• _Information supplied_
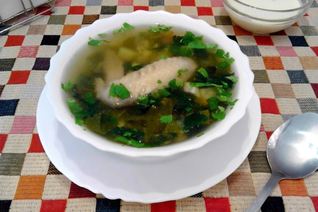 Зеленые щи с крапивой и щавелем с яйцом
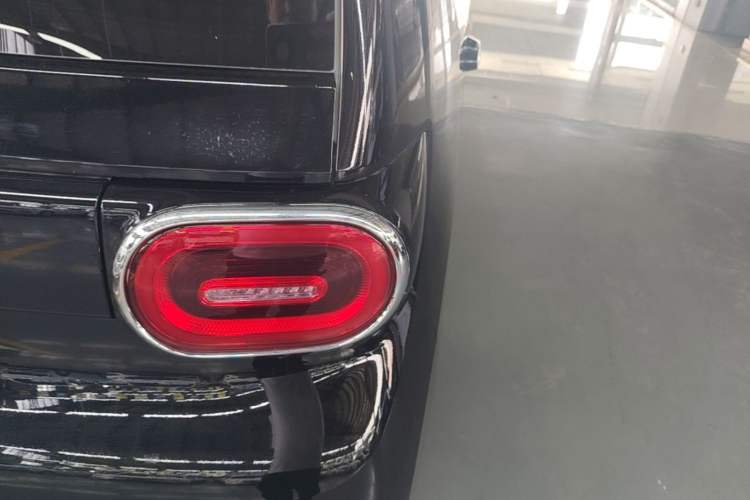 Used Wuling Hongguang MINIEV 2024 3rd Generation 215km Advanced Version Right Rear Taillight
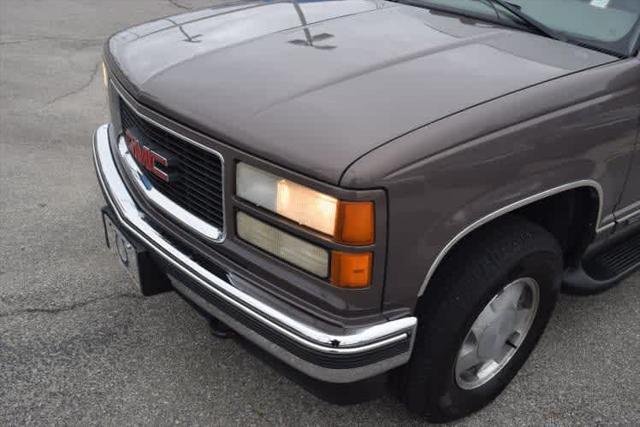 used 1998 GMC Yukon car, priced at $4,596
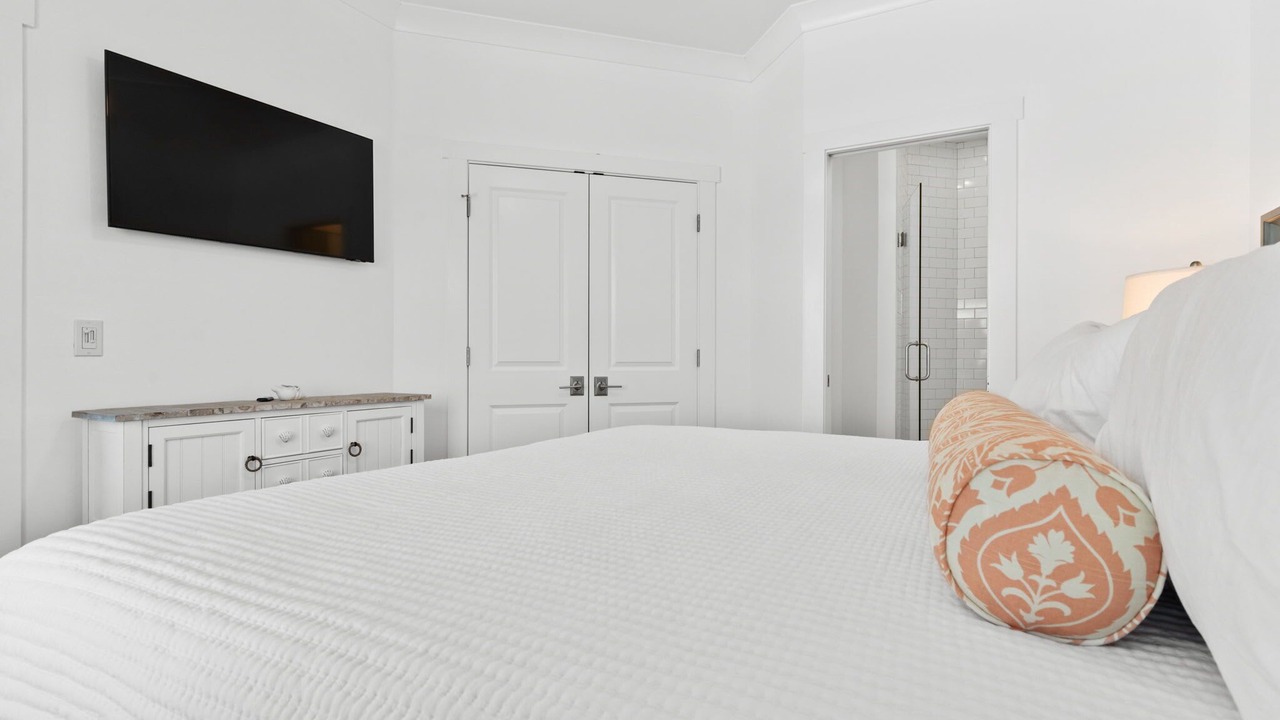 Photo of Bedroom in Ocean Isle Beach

• _Work item_
Output exactly the lines from the one that has "Used Wuling Hongguang" through the end of the data. Do not include pictures.

• _Solution for this problem_
 Used Wuling Hongguang MINIEV 2024 3rd Generation 215km Advanced Version Right Rear Taillight
 used 1998 GMC Yukon car, priced at $4,596
 Photo of Bedroom in Ocean Isle Beach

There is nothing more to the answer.